The theme of this study is covenant, an idea which lies at the foundation of the gospel proclamation. We’ve seen that there are a number of calls to obedience and to covenant as well as a need to answer the call, but all covenants have conditions that need to be filled. Chapter seven of the book of Deuteronomy looks at those conditions.

Scripture and summary

Deuteronomy 7:1-5

Seven nations that inhabited the land of Canaan were being divested of their land because of their sin. Leviticus 18, a passage that I refer to as “the indictment of the Canaanites” spells out the numerous sins that they engaged in, the least of which being their sexual immorality and the greatest being the sacrifice of their own children to their various gods. The first obligation set forward in the covenant response of Israel as they claimed their inheritance from the LORD was to eradicate and erase all traces of that idolatry. The Israelites were also forbidden from marrying any of the Canaanites who chose to remain in light of that.

Deuteronomy 7:6-11

The reasoning for such a command is given here: the Israelites, by God’s act of deliverance was obligated to serve God and his will. The LORD reiterated his loyalty to his promises as their covenant king and that in entering the covenant the Israelites were to return loyalty in kind.

Deuteronomy 7:12-16

The blessings of the covenant are outlined here. Adherence to the terms of the covenant guaranteed success and prosperity as God would bless them.

Deuteronomy 7:17-25

Israel was not a great nation, speaking of their population. The most conservative figures for the population of the nation was between 600,000 and 1.5 million. Given the earlier report of the spies in regard to Israel’s previous disobedience that led to their wilderness wandering, its likely that the nations of Canaan had strengthened their position. God was clear, he was fighting the battles and Israel was merely the mop-up detail. God also demonstrates his care by stating that he will limit Israel’s expansion based upon their ability to take and secure the land, stating , “You may not make an end of them at once, lest the wild beasts grow too numerous for you (v.22).”


The gospel promises freedom, but that freedom is only possible within the boundaries of an active, willing relationship.

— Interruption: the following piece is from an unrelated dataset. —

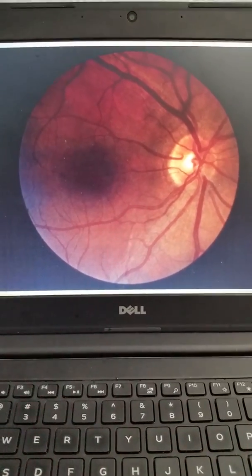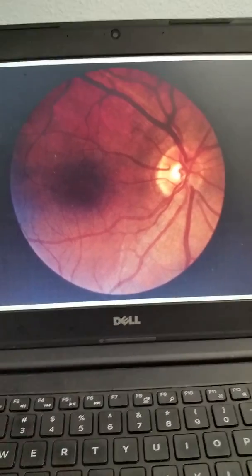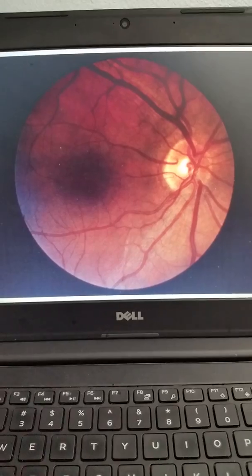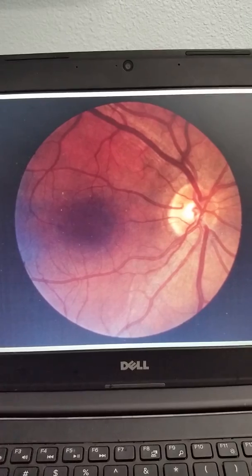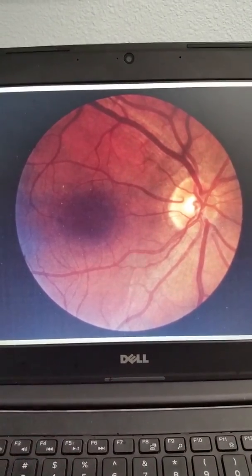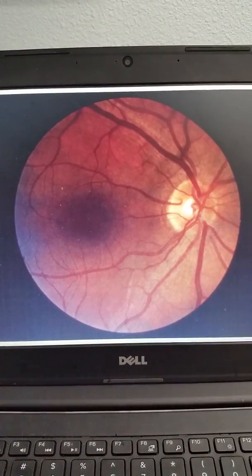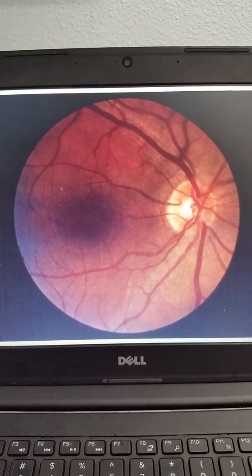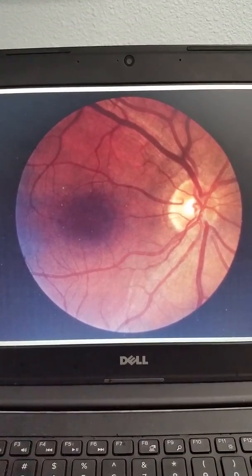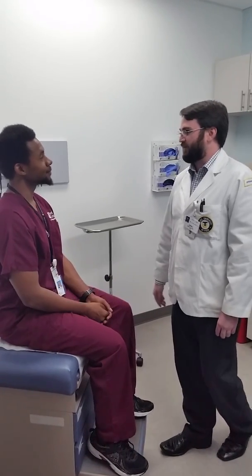We're going to go now to the live examination with our two performers. We'd like to thank Jeff and Deshawn — though as things happen, our models today are actually Jeremy and Deshawn. Here we go. Hello, I'm student Dr. Stevens and I'm going to be doing your eye exam today.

Our idols are not wood or stone layered with gold, rather we forgo the external manifestation and go right to the ceremony embracing greed, lust, and even murder. We still have our lesser gods its just that we have not provided them a place to reside in externalized realities, rather we have welcomed them into the residence of our heart.

God has promised good to those who are loyal to him, and he has provided a sign of this in reality: first in rescuing the nation of Israel from their harsh bondage in Egypt and, in these last days, by sending his Son to rescue a people for good works. To deny that God has set standards for those who will take his Name and claim it, is to deny the truth of who God is in his holiness.